Pour tout cela, n’ayons pas peur de célébrer notre héros. N’ayons pas honte d’être taxés de mauvais perdants, quand en face, on n’a aucune honte à être mauvais gagnant. Il en faudra, des Francis Ngannou pour que le monde du sport fonctionne différemment. Il en faudra des Ngannou pour que le monde tout court soit différent. Pour que les hommes soient appréciés et jugés sur leur valeur intrinsèque, et non plus par leur origine ou la couleur de leur peau. Nous aurons encore besoin de héros de cet acabit pour continuer de donner corps au rêve de Martin Luther King. Des hommes et femmes modèles dont l’aura brise les barrières et rassemble, par-delà toutes les différences. La preuve, c’est bien cet élan de soutien qui a accompagné le vaillant combattant tout au long de cette aventure. Le voir entouré de sommités comme Mike Tyson son coach de circonstance ou Cristiano Ronaldo est un signe fort. Le drapeau vert-rouge-jaune et l’hymne national « O Cameroun berceau de nos ancêtres » a retenti à travers la planète ce samedi soir. C’est qu’un Lion, un vrai, était de sortie.

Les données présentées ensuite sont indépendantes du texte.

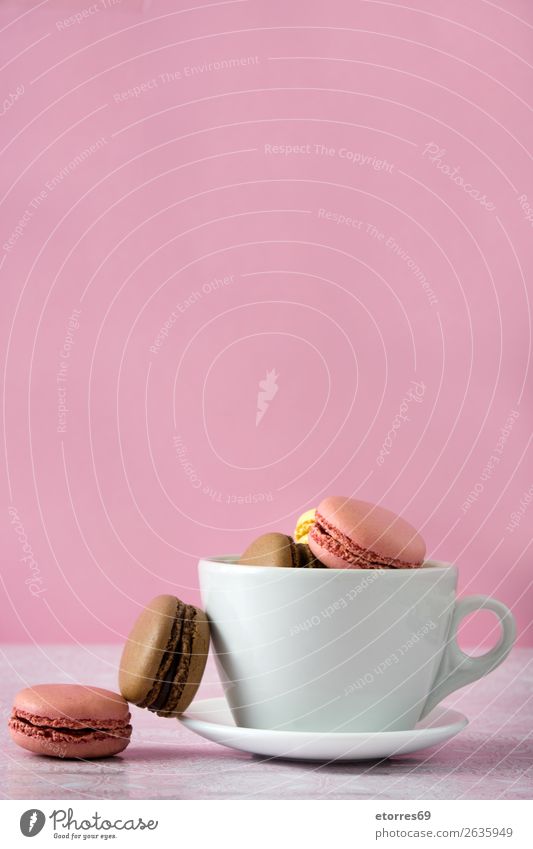 bunte Makronen aus einer Tasse auf rosa Hintergrund Macaron Erdbeeren Zitrone Dessert Kaffee gelb Schokolade Konfekt Himbeeren Tradition Süßwaren Biskuit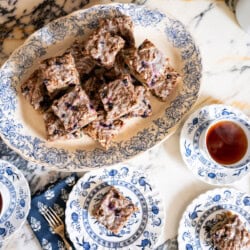 Blueberry crumb cake squares served with tea on vintage blue-and-white china beside a platter of cake.
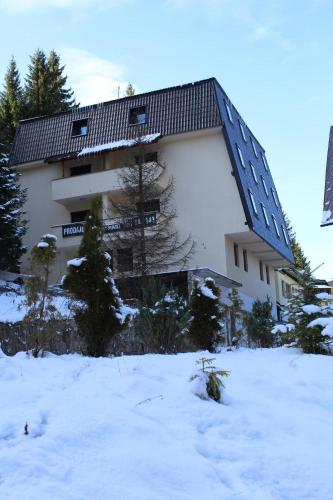 a large building in the snow with trees in front at Apartmani Čolić Vlašić in Vlasic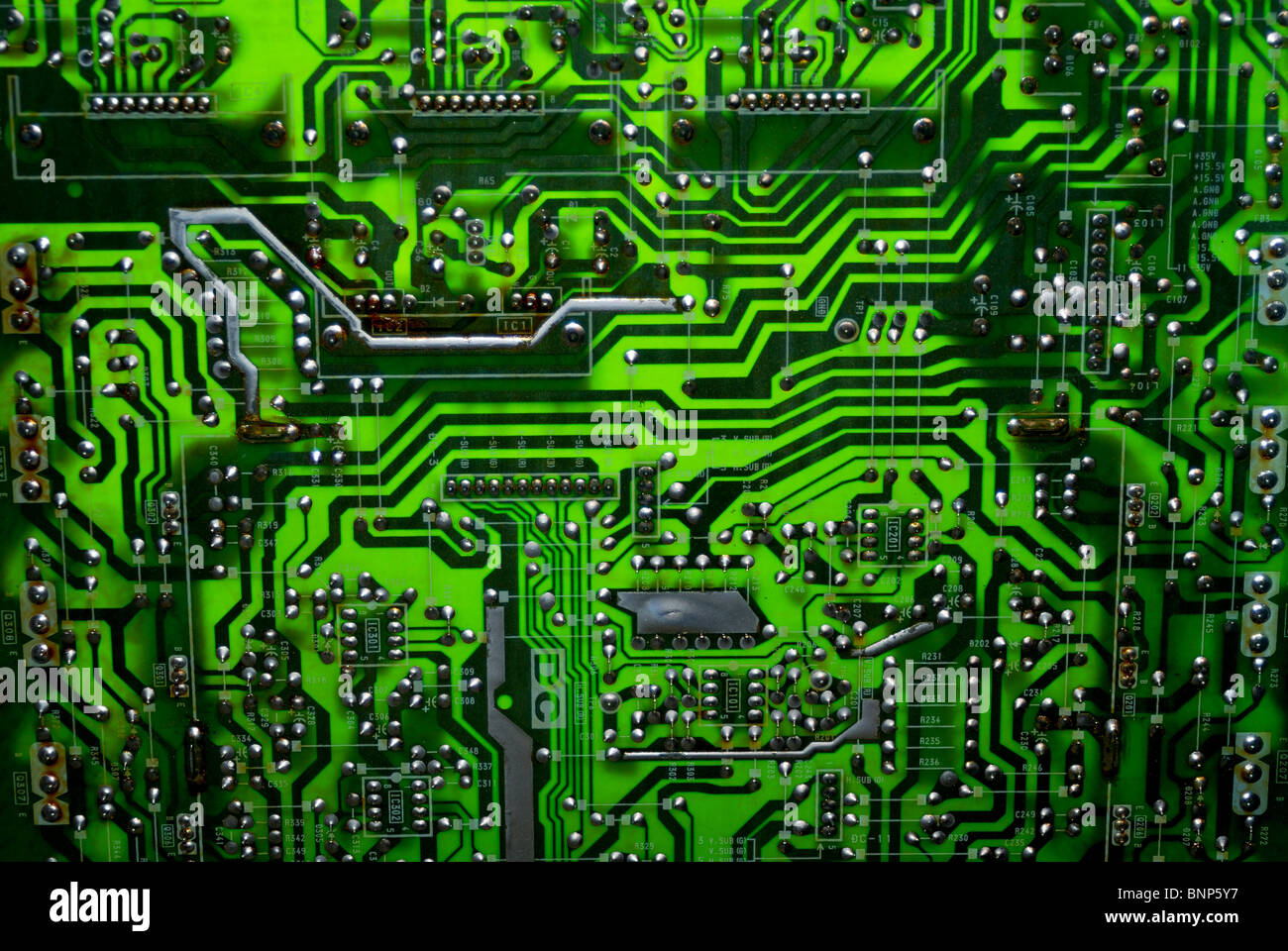 A glowing green computer circuit board. Stock Photo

Quelle magnifique exposition pour le pays des Roger Milla, François Mbango et Samuel Eto’o ! Quelle magnifique union derrière la cause nationale ! Le Cameroun tout entier, 25 millions de paires d’yeux ont veillé ce samedi soir pour être témoins de l’exploit d’un fils du pays. Ils n’ont pas été déçus. Même si à la fin, c’est encore Fury qui l’emporte, Ngannou a-t-il perdu ? Trois fois non ! L’homme qui « tapait les gens pour vivre » n’a pas dit son dernier mot. Et Fury, ou n’importe quel autre, n’a qu’à bien se tenir. Ce n’est que partie remise.